--- START ---

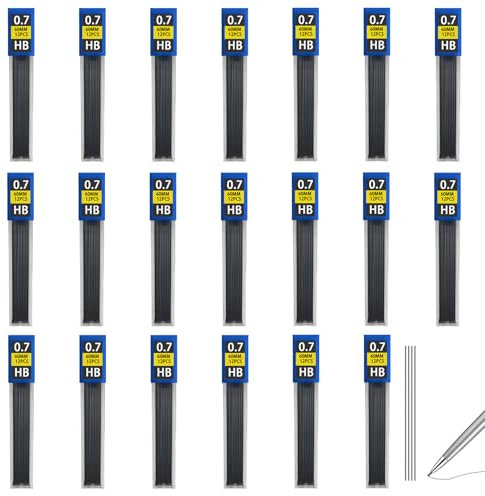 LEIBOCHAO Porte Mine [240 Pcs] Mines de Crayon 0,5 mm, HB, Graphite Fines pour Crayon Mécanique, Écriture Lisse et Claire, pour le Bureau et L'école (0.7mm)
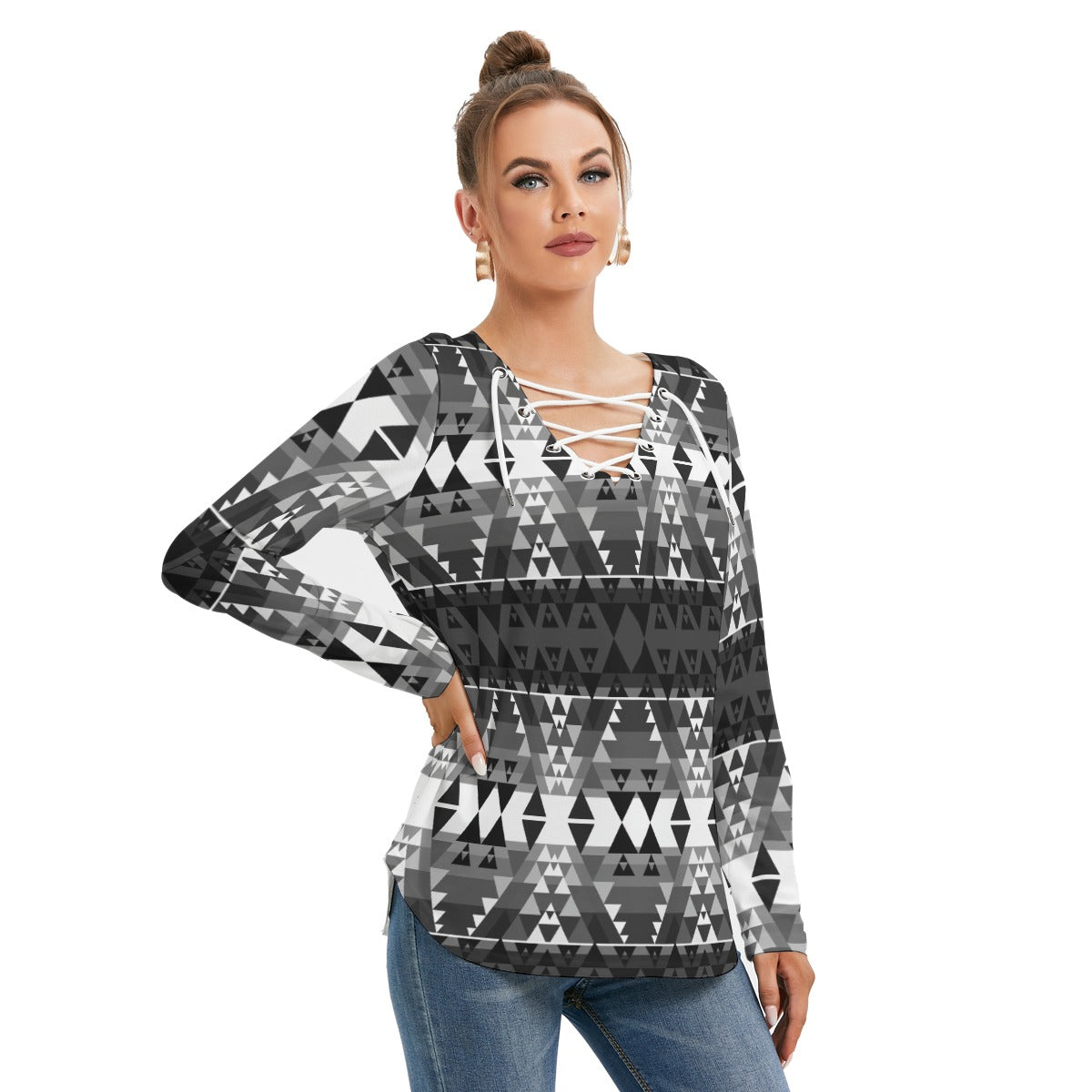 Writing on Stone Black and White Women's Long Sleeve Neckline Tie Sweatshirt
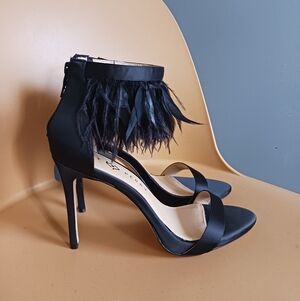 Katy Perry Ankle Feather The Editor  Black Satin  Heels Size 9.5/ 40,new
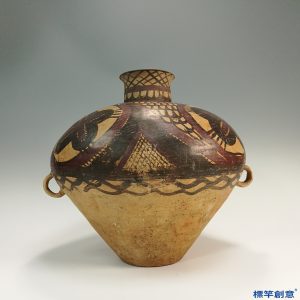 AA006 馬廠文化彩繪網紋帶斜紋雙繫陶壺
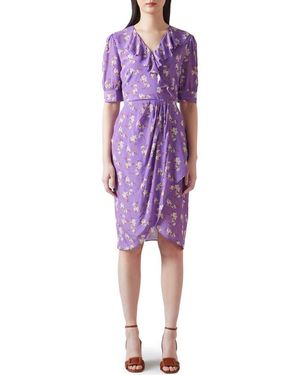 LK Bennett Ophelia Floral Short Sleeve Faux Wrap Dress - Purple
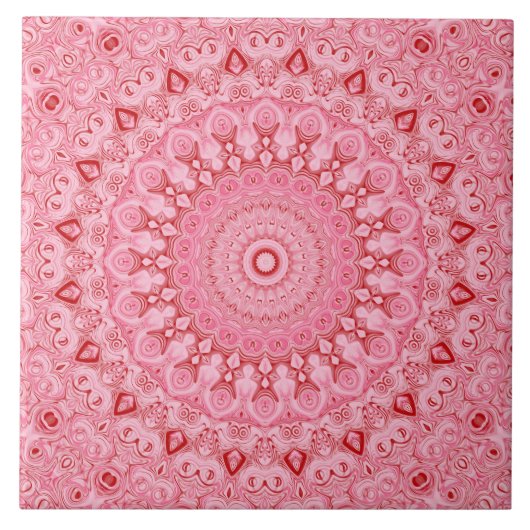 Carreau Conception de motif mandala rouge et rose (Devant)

--- END ---
--- START ---

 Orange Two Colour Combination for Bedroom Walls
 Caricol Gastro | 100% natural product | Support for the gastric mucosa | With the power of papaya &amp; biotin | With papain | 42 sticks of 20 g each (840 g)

--- END ---
--- START ---

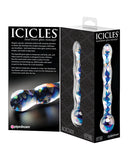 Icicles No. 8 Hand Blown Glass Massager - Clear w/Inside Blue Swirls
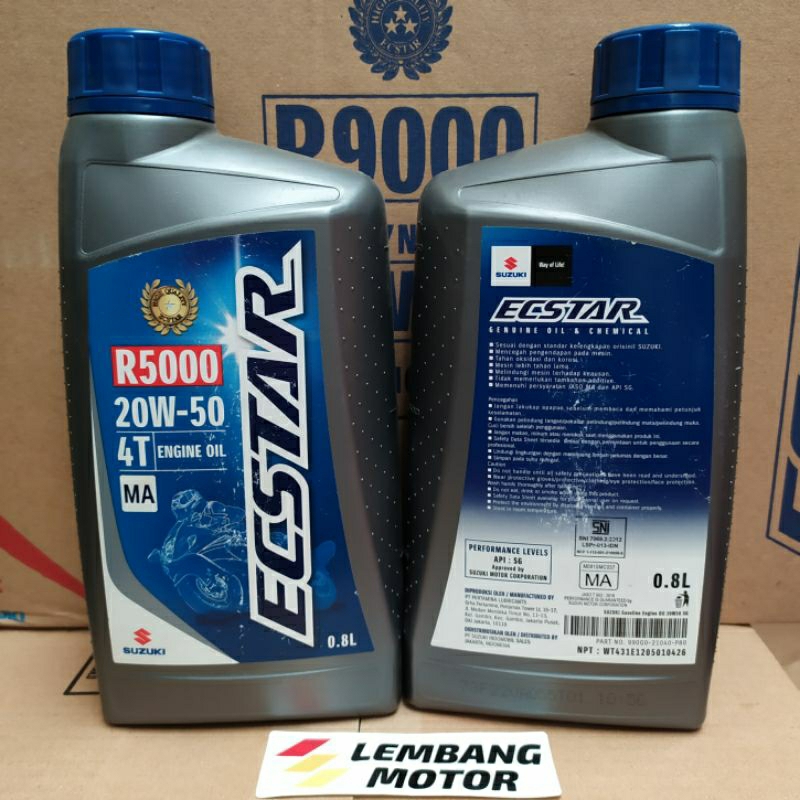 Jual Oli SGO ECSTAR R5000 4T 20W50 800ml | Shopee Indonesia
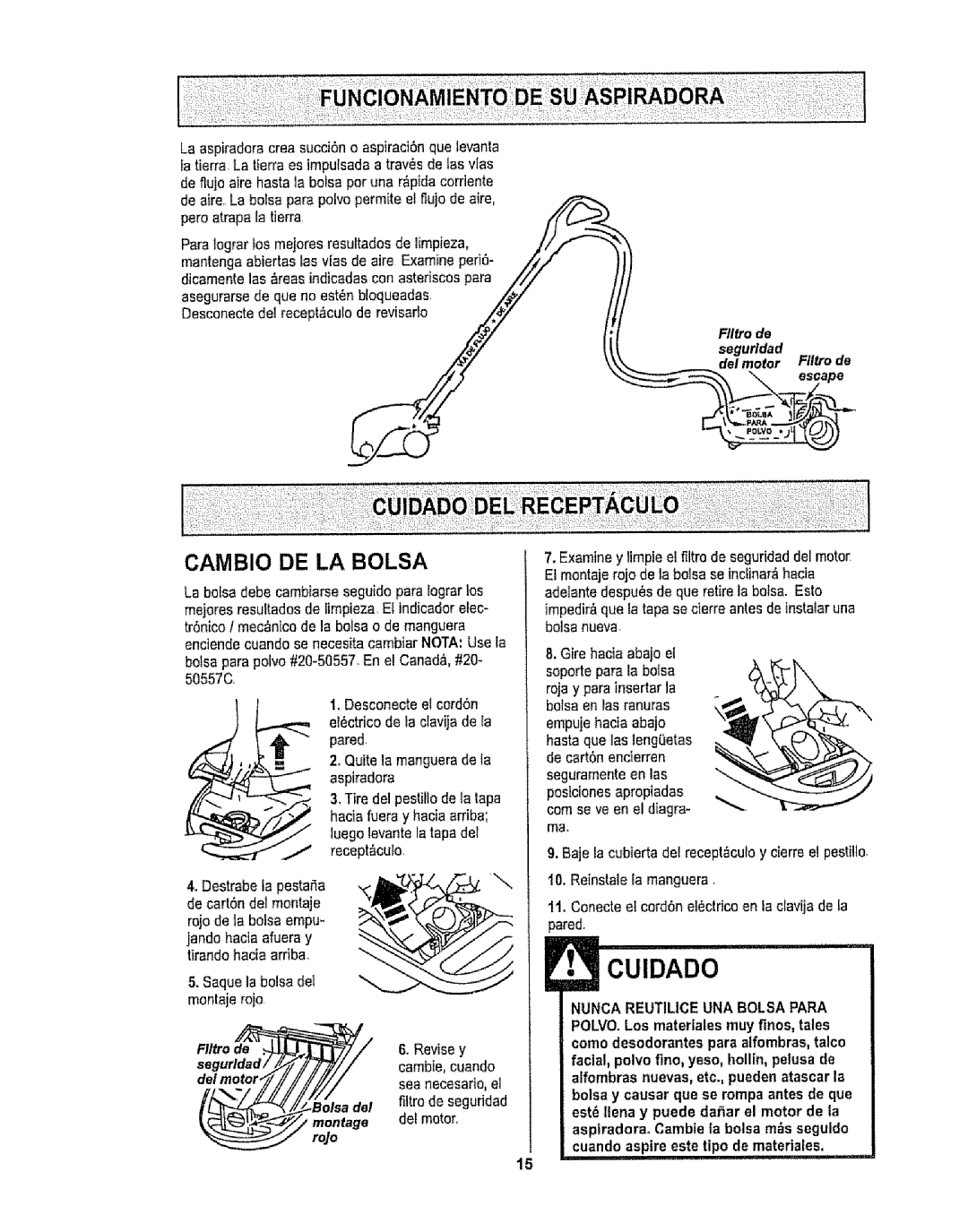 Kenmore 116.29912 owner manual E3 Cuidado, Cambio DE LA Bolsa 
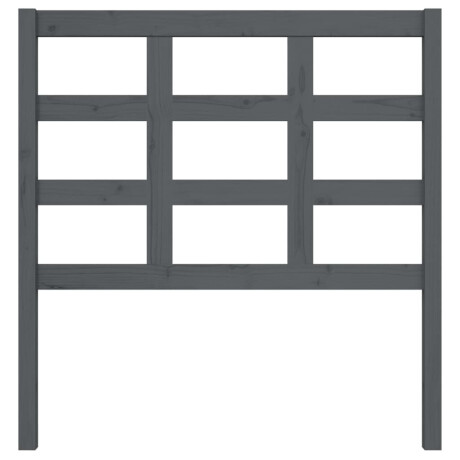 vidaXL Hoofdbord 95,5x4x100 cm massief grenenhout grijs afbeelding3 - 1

--- END ---

In the records above, the line with "Orange Two Colour" marks the start and the line with "Caricol Gastro |" marks the end; copy that stretch exactly, both lines included, and nothing else.

 Orange Two Colour Combination for Bedroom Walls
 Caricol Gastro | 100% natural product | Support for the gastric mucosa | With the power of papaya &amp; biotin | With papain | 42 sticks of 20 g each (840 g)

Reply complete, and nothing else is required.